_GIVEN DATA_.
>>>

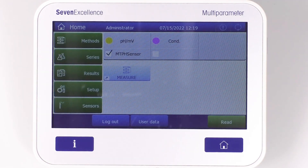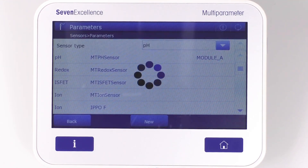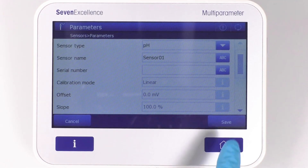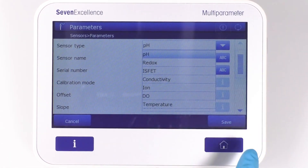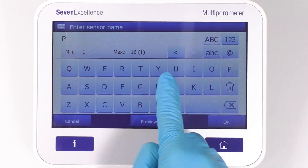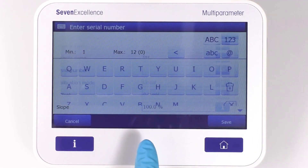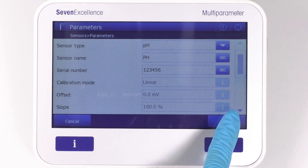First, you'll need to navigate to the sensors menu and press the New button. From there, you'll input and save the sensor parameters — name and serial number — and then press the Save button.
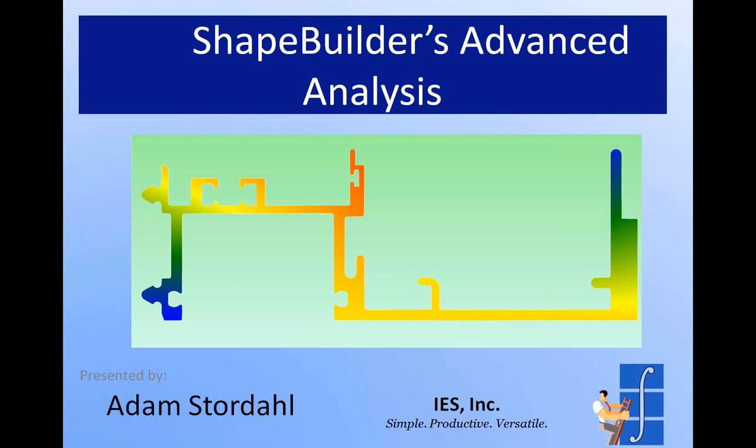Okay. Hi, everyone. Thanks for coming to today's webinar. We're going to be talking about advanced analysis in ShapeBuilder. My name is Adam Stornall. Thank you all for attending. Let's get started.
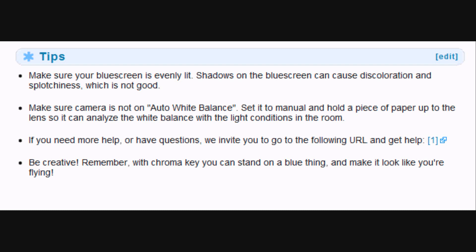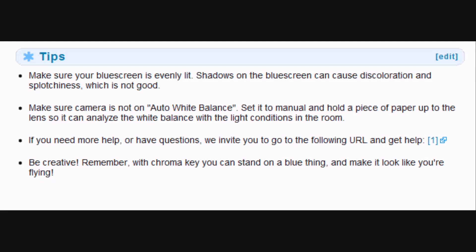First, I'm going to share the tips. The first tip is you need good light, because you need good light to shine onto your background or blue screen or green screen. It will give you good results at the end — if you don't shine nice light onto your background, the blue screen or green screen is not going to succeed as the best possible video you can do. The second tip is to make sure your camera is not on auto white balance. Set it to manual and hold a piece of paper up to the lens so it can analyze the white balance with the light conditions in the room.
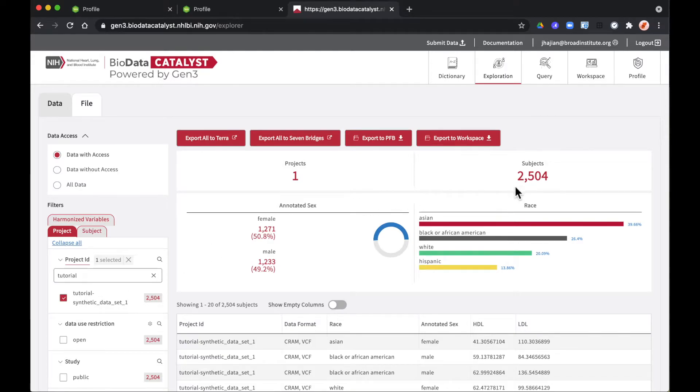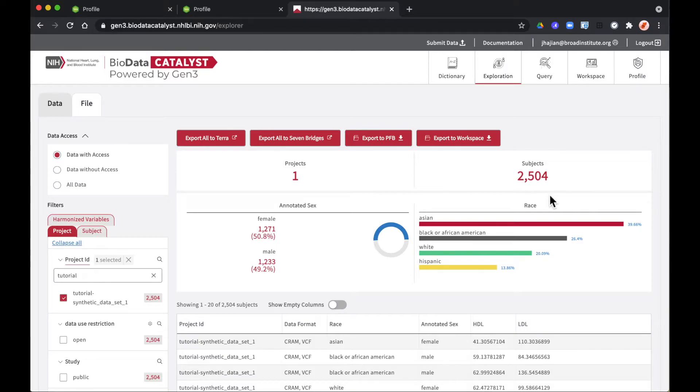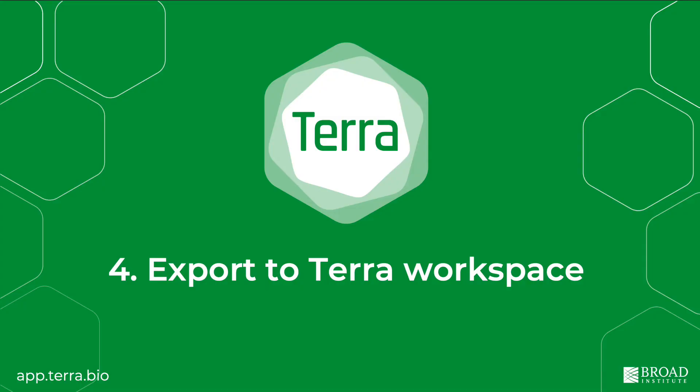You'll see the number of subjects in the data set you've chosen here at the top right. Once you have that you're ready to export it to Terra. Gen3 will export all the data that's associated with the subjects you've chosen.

<<<

_DIRECTIONS FOR THIS TASK_.
To complete the exercise, return the listing above exactly and omit its pictures.

_ANSWER_.
First, you'll need to navigate to the sensors menu and press the New button. From there, you'll input and save the sensor parameters — name and serial number — and then press the Save button.
Okay. Hi, everyone. Thanks for coming to today's webinar. We're going to be talking about advanced analysis in ShapeBuilder. My name is Adam Stornall. Thank you all for attending. Let's get started.
First, I'm going to share the tips. The first tip is you need good light, because you need good light to shine onto your background or blue screen or green screen. It will give you good results at the end — if you don't shine nice light onto your background, the blue screen or green screen is not going to succeed as the best possible video you can do. The second tip is to make sure your camera is not on auto white balance. Set it to manual and hold a piece of paper up to the lens so it can analyze the white balance with the light conditions in the room.
You'll see the number of subjects in the data set you've chosen here at the top right. Once you have that you're ready to export it to Terra. Gen3 will export all the data that's associated with the subjects you've chosen.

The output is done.